Got the setup? Air Force birds under the tactical command of Army aviation units, resupplying Army troops forward. OK, here we go:

Maj. Craig Jayson, executive officer for 3rd Battalion, 25th Aviation Regiment, 25th CAB, says with the C-27J relieving his unit’s Chinooks, the unit has the opportunity to fly more missions to forward operating bases which the C-27J does not have access to.

“We can focus on picking up personnel and equipment that are lower priority and fulfill requests that are normally canceled due to lack of resources,” said Jayson. “Overall, the C-27J increases our flexibility and ability to support more customers in a single day.”

An increase in C-27J missions also decrease the costs associated with CH-47 missions as well.

“The hourly operational cost of a resupply mission using the Chinook is more than $7,500 an hour for the CH-47D and $9,000 an hour for the CH-47F,” said Jayson.
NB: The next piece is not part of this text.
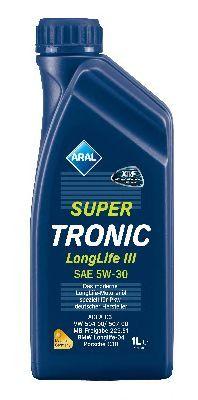(1 L) SUPER TRONIC LONGLIFE III SAE 5W-30 (спецификация: ACEA A3/B3, A3/B4, C3) (допуск: MB 229.51; VW 503 01, 504 00, 507 00; BMW Longlife-04; Porsche C30)
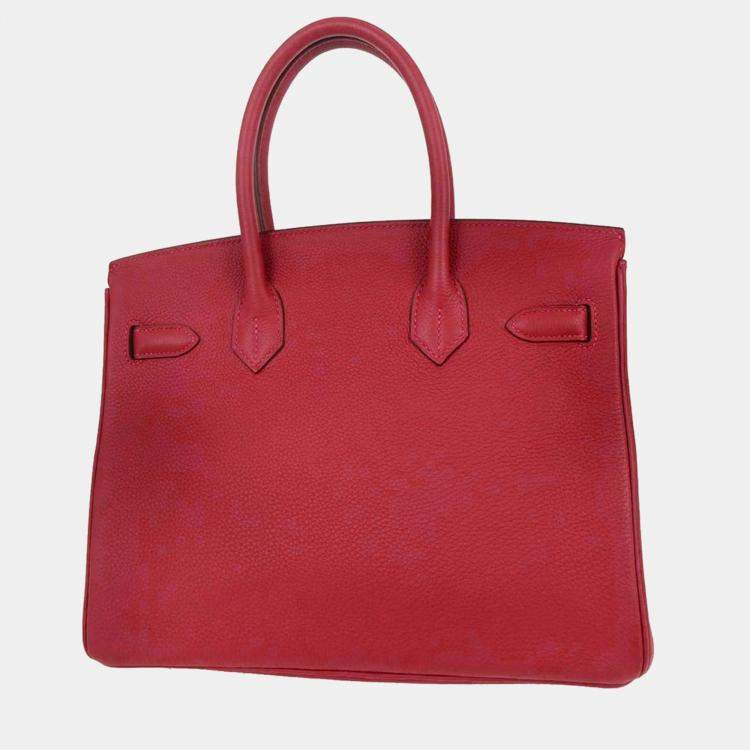 مملوكة مسبقًا Hermes Ruby Togo Birkin 30 Handbag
Based off Landrum’s calculations, the U.S. Army has saved $30 million by conducting missions with the C-27J instead of the CH-47 Chinook. When it comes to relieving the CH-47 Chinook with fixed wing assets, the C-27J seems to be the best choice over other fixed-wing options.

“The C-27J has all of the benefits of a fixed wing aircraft such as speed, altitude, payload capacity and range, yet also possesses the ability to conduct many mission sets similar to rotary winged cargo aircraft,” said Sgt. Maj. Ronald Graves, 25th CAB operations sergeant major.

Adding to the list of the C-27J’s benefits, Graves said the aircraft can operate in adverse weather and with limited visibility. Also the C-27J can land on a 2,400-foot dirt strip as opposed to the 3,000 feet a C-130 Hercules requires. Perhaps the biggest advantage the C-27J currently offers the Army is the fact it is tactically controlled by 25th CAB commander Col. Frank Tate. The tactical control gives him the flexibility to provide immediate support to soldiers on the battlefield.

“This relationship allows for quick and dynamic tasking, when required, which greatly increases our ability to deliver nearly anything, anywhere, in support of the soldier in the fight,” said Graves.

Back to the metaphorical battlefield: These are shots across the Air Force’s bow and it looks like the Army’s gunners have their ranges dialed right in. The “customers” of the 25th CAB are loving their C-27Js, and this story even stacks them against the bird the Air Force says can do the job just as well: Its C-130 Hercules. Meanwhile, the Army saves money and wear by flying its Chinooks strategically, hitting the bases where the Spartans can’t go.

Will this endorsement, from the very “warfighters” in whose name defense leaders always try to act, have any effect on the mothballization of the C-27Js? Probably not — this is a truth vacuum, a reality-distortion zone, and unless the Spartan’s allies in Congress unequivocally put their foot down, it looks like their ultimate departure remains certain.